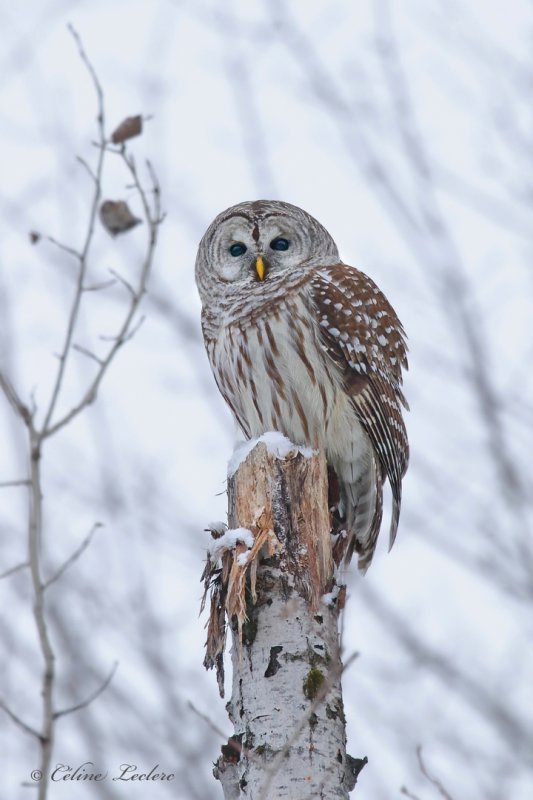 Chouette raye_Y3A1324 - Barred Owl
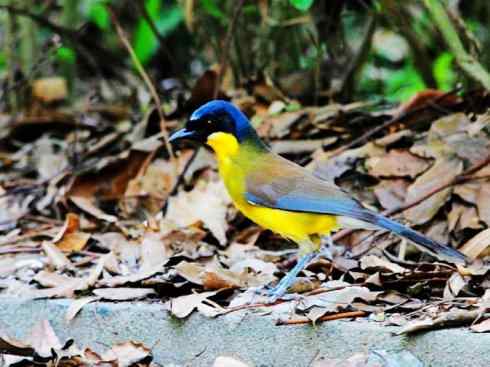 美丽无罪：雀鸟之噪鹛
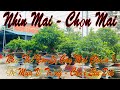 cách chọn mua mai vàng | nhận biết mai vàng cây già và cây non như thế nào | chăm mai vàng bonsai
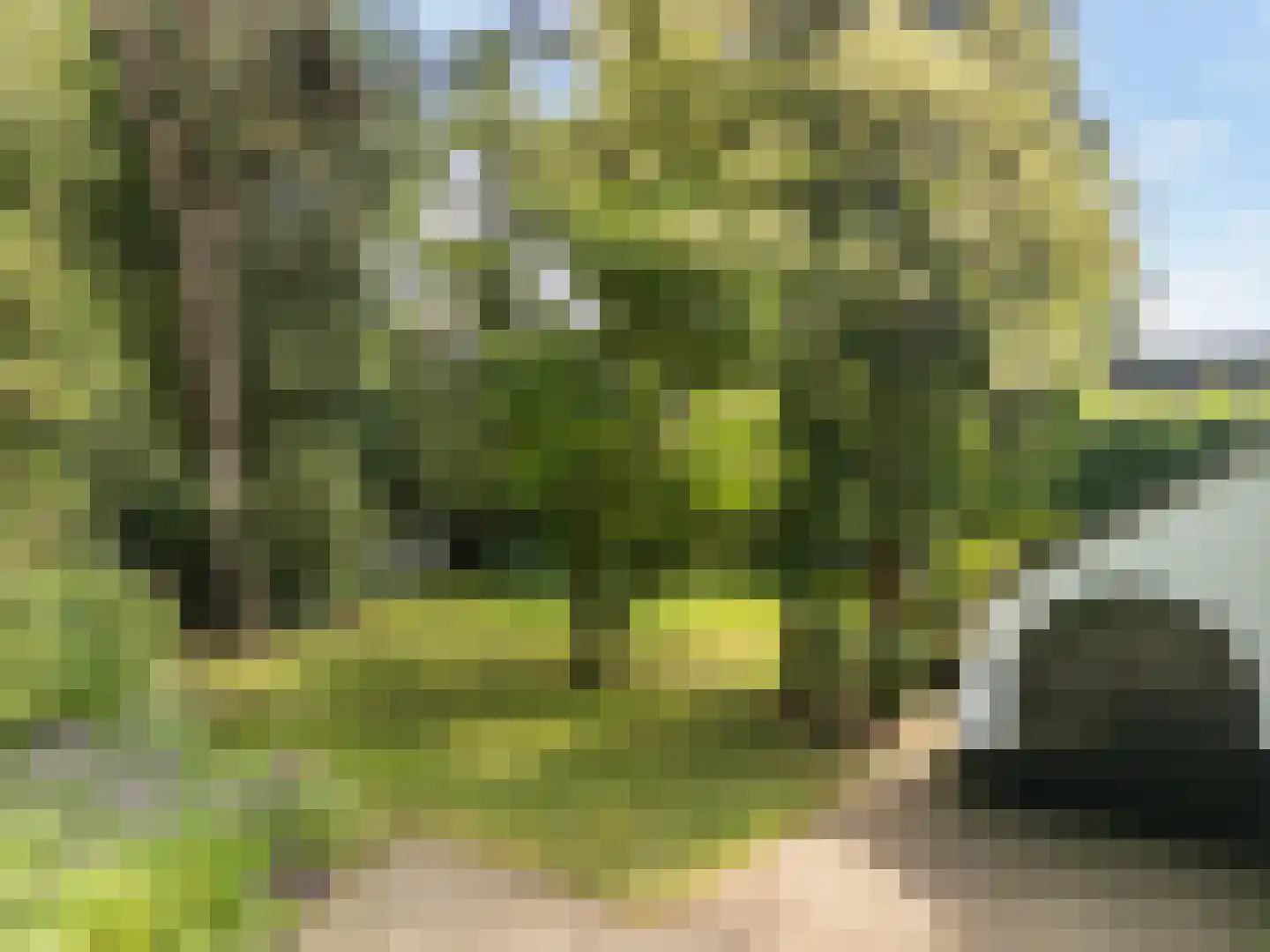 Wagnerlaan 36 Bilthoven thumbnail 43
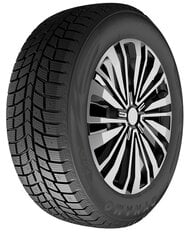 Dynamo Snow-H MWH03 225/65R16 100 T studded kaina ir informacija | Žieminės padangos | pigu.lt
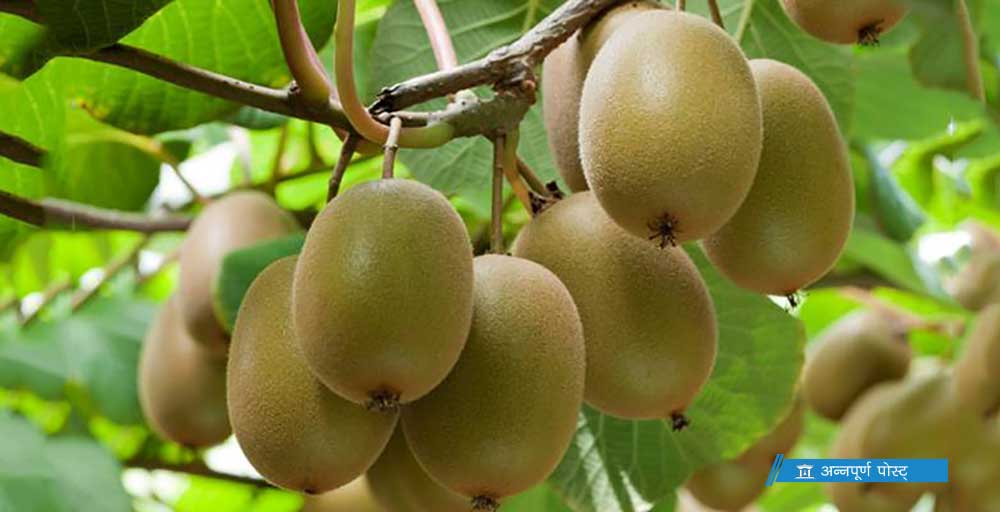 किवीले बजार पाएन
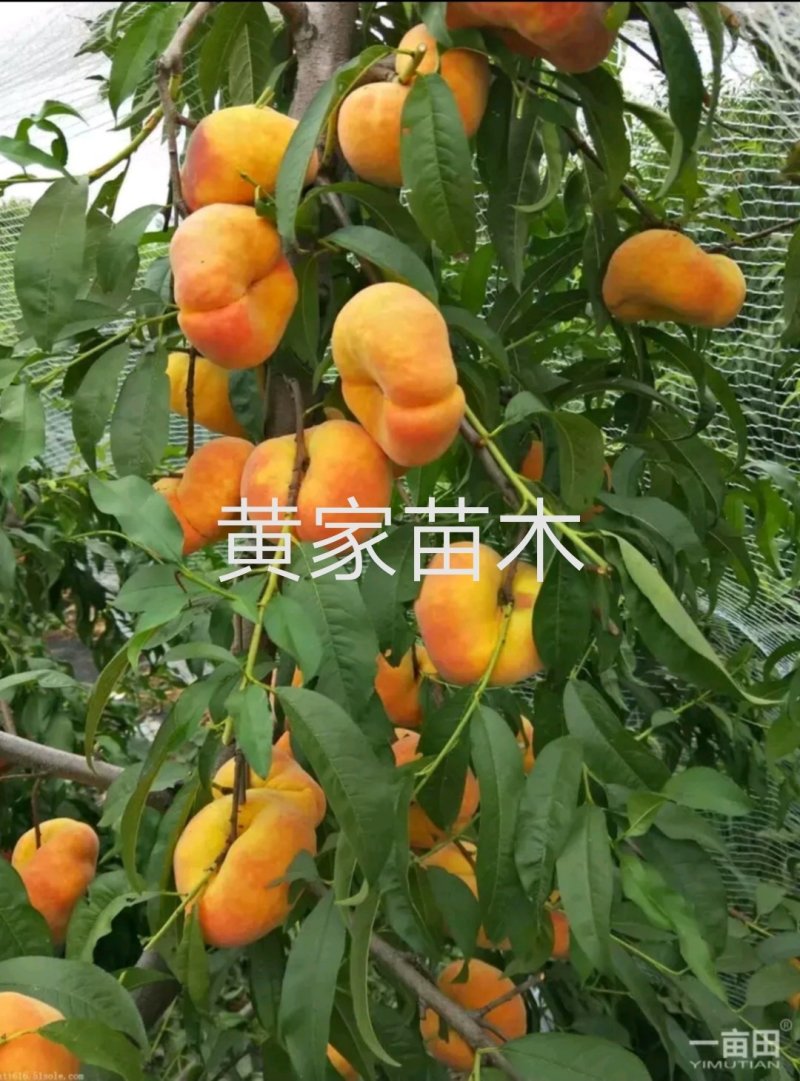 油蟠桃树苗一一风味天后，十一中秋双节期成熟，晚熟品种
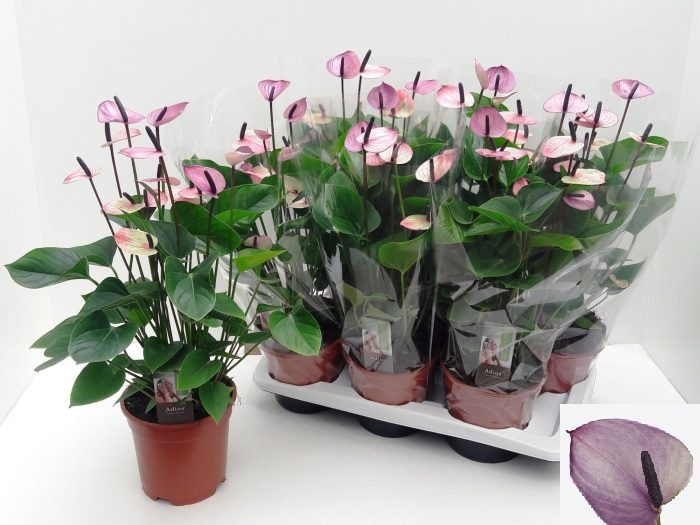 Anth Attract Love 21/100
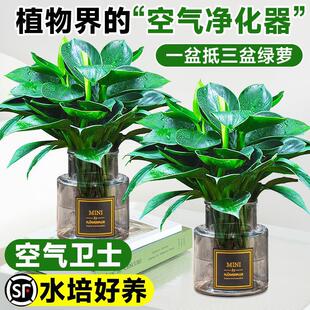 Large-Leaf Golden Diamond Green Princess Hydroponic Easy-To-Grow Formaldehyde-Absorbing Indoor Four-Season Flower and Green Plant New House Indoor Potted Plant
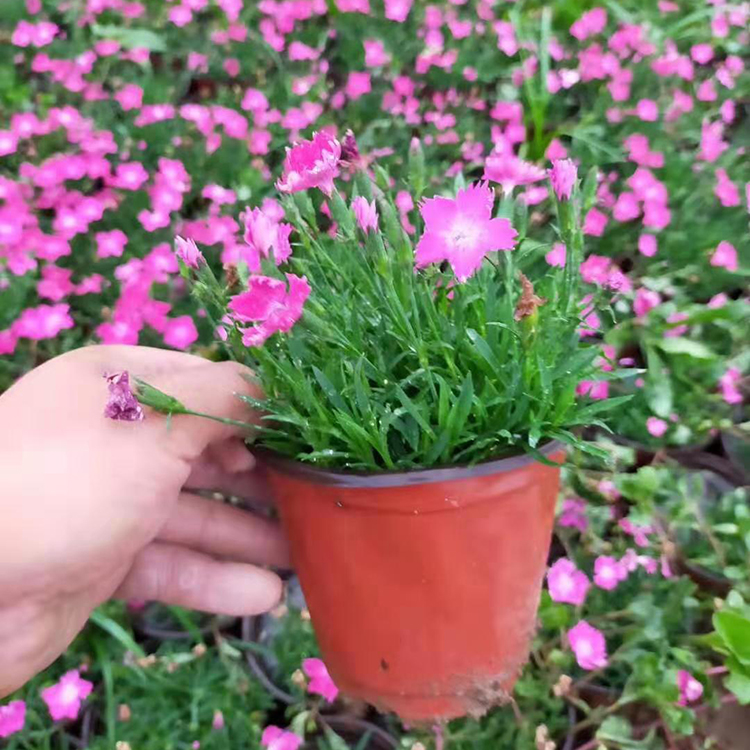欧石竹花海苗 双色盆营养杯价格不同 易成活 价格优惠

----------

_To do_
Word for word, reproduce each line from the one with "किवीले बजार पाएन" through the last line of the material above, both included, and drop the pictures.

_Task solution_
 किवीले बजार पाएन
 油蟠桃树苗一一风味天后，十一中秋双节期成熟，晚熟品种
 Anth Attract Love 21/100
 Large-Leaf Golden Diamond Green Princess Hydroponic Easy-To-Grow Formaldehyde-Absorbing Indoor Four-Season Flower and Green Plant New House Indoor Potted Plant
欧石竹花海苗 双色盆营养杯价格不同 易成活 价格优惠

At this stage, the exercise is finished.